> Items listed in a dataset:

----

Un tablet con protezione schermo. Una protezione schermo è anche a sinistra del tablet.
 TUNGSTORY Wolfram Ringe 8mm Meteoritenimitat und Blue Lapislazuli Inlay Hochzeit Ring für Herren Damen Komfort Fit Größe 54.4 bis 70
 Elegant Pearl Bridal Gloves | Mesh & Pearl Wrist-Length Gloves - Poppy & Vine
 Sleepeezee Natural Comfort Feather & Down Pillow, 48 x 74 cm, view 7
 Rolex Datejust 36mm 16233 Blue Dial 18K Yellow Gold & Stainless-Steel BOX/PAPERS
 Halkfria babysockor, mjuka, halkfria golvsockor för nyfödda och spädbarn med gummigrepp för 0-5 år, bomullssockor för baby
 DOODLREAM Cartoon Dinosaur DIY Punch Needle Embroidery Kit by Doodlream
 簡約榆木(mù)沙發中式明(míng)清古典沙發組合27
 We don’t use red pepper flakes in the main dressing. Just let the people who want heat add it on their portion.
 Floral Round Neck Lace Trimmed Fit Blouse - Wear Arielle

----

> Work order: Reproduce, character for character, only the lines of the preceding data that start at the line with "Elegant Pearl Bridal" and end at the line with "Rolex Datejust 36mm", both included.

> Response for this exercise:
 Elegant Pearl Bridal Gloves | Mesh & Pearl Wrist-Length Gloves - Poppy & Vine
 Sleepeezee Natural Comfort Feather & Down Pillow, 48 x 74 cm, view 7
 Rolex Datejust 36mm 16233 Blue Dial 18K Yellow Gold & Stainless-Steel BOX/PAPERS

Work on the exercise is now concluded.